Input material:
□ □ □ □
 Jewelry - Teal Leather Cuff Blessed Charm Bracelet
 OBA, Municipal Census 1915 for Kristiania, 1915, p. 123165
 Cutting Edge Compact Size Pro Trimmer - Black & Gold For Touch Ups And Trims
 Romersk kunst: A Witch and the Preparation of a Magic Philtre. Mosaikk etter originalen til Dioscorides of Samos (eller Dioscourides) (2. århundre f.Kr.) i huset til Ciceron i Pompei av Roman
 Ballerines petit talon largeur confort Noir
□ □ □ □
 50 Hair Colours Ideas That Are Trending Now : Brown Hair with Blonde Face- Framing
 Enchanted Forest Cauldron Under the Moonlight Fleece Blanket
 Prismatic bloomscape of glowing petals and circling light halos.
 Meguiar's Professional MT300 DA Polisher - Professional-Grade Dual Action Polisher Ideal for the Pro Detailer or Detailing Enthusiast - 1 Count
□ □ □ □
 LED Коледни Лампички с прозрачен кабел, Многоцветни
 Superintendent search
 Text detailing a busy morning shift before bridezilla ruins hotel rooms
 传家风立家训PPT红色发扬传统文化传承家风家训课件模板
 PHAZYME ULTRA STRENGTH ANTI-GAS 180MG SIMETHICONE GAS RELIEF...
□ □ □ □
Task goal:
Look above for the line with "Text detailing a" and the line with "PHAZYME ULTRA STRENGTH"; transcribe both and all lines in between, exactly, and nothing else.

Solution to the problem:
 Text detailing a busy morning shift before bridezilla ruins hotel rooms
 传家风立家训PPT红色发扬传统文化传承家风家训课件模板
 PHAZYME ULTRA STRENGTH ANTI-GAS 180MG SIMETHICONE GAS RELIEF...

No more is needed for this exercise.